**INSTRUCTIONS TO FOLLOW**: From the listing below, copy only the lines from the line that contains "Röhnisch printed high" to the line that contains "Joy Susan Kendra", counting those two lines as part of the copy.

*** TASK MATERIAL Section Begins ***

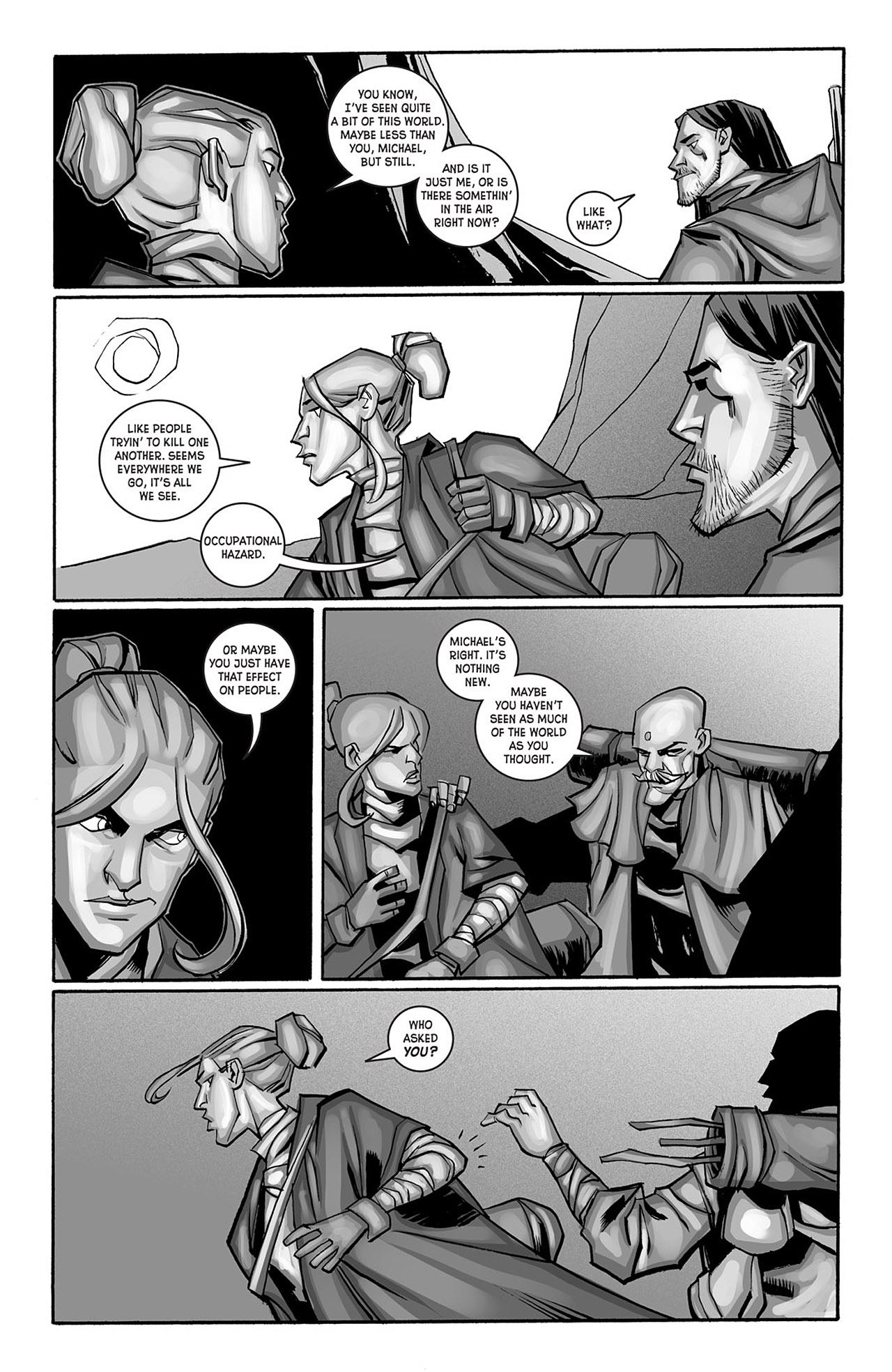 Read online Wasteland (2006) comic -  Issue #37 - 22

*** TASK MATERIAL Section Ends ***
*** TASK MATERIAL Section Begins ***

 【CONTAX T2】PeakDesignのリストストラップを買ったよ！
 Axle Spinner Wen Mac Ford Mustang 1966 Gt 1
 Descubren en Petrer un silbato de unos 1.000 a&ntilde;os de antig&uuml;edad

*** TASK MATERIAL Section Ends ***
*** TASK MATERIAL Section Begins ***

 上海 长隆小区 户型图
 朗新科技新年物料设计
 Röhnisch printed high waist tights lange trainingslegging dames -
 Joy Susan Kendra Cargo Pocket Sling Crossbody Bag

*** TASK MATERIAL Section Ends ***

**RESPONSE FOR THIS EXERCISE**:
 Röhnisch printed high waist tights lange trainingslegging dames -
 Joy Susan Kendra Cargo Pocket Sling Crossbody Bag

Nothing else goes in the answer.